During my years as a student, I often felt something was missing. We were taught to think, but only in ways that were approved. Approved by whom? Not by our history, not by our culture, not even by our society. The approval always came from somewhere else — from textbooks designed in distant places, from frameworks that never grew out of our soil.
This is what I have come to call pedagogical colonisation. It is not about chains anymore. It is about classrooms. It is about teachers who unknowingly serve as gatekeepers of someone else’s knowledge. It is about syllabi that pretend to be universal but are deeply foreign to the context in which we live.
We don’t even notice it most of the time. A political theory course starts with Plato, jumps to Hobbes, moves to Locke, touches Rousseau, then lands on Marx. A neat little parade of names, all Western, all presented as if the story of thought itself is their story. And what about us? Our thinkers appear, if at all, as side characters. Kautilya? Maybe. Ashoka? Rarely. Iqbal? Almost never treated as a philosopher, only as a poet, a dreamer.

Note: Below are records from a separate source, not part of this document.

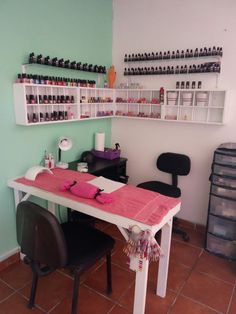 Saloon Decor, Nail Parlour, Nail Salon Interior, Nail Salon Furniture, Home Studio Ideas, Home Beauty Salon, Home Nail Salon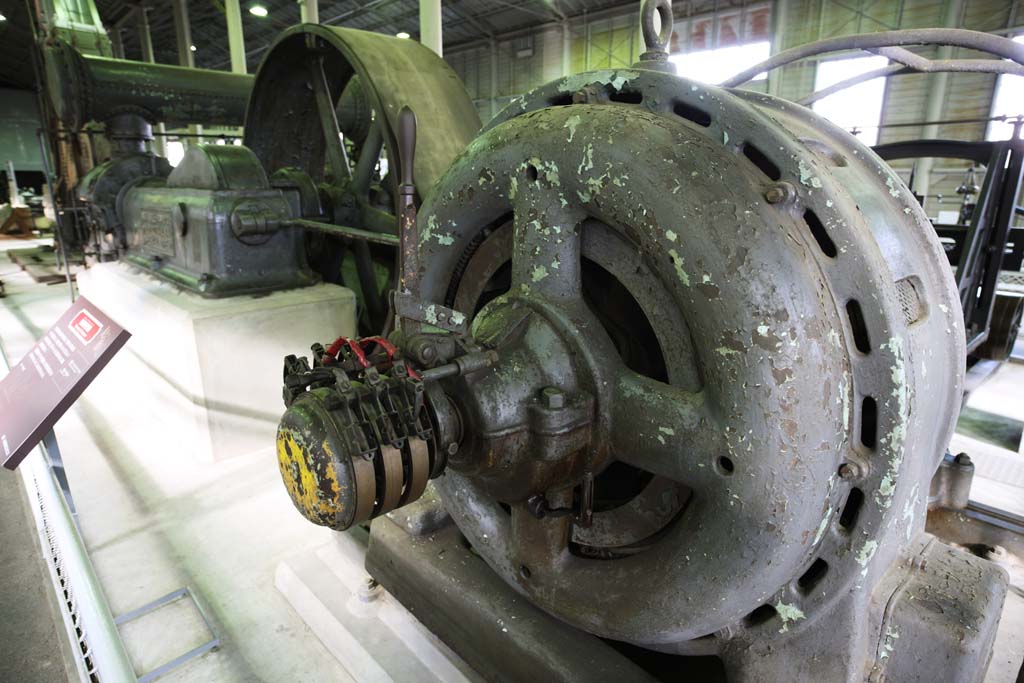 photo,material,free,landscape,picture,stock photo,Creative Commons,Meiji-mura Village Museum coming and going air compressor, machine of the Meiji, The Westernization, factory, Cultural heritage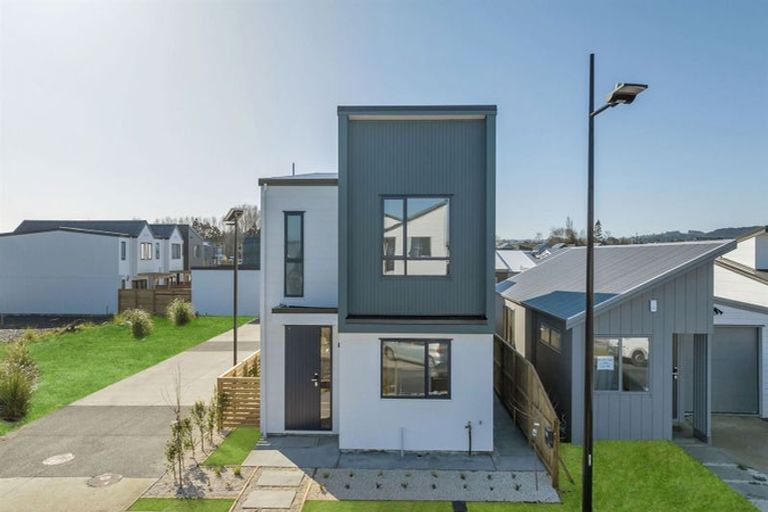 Photo of property in 24 John Gray Street, Papakura, 2110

This kind of teaching quietly trains us to believe that wisdom only flows in one direction. From the West to us. It tells us our questions are not valid unless they sound like the questions asked in Europe. It tells us our answers are only answers if they resemble theirs. Everything else is folklore, tradition, or at best, cultural heritage. But not philosophy. Not political thought.
The consequences are not small. When generations are raised like this, they stop seeing their own intellectual lineage. They lose the ability to think in categories that belong to their own society. They borrow theories and then try to apply them to problems those theories were never meant to solve.
Pedagogical colonisation creates a kind of inferiority complex that hides under academic respectability. We praise students for quoting Foucault or Habermas, but we rarely ask them to wrestle with Shah Waliullah or Sir Syed in the same way. We pretend this is neutrality, but it is not neutral. It is bias, inherited and enforced.
Our thinkers need creating space: not as ornamental accents, but in the centre. Their ideas are to be included in the living curriculum that does not act as mere museum exhibits. Otherwise, our classrooms will keep producing students who can explain Rousseau’s social contract but cannot explain what political community meant to Iqbal.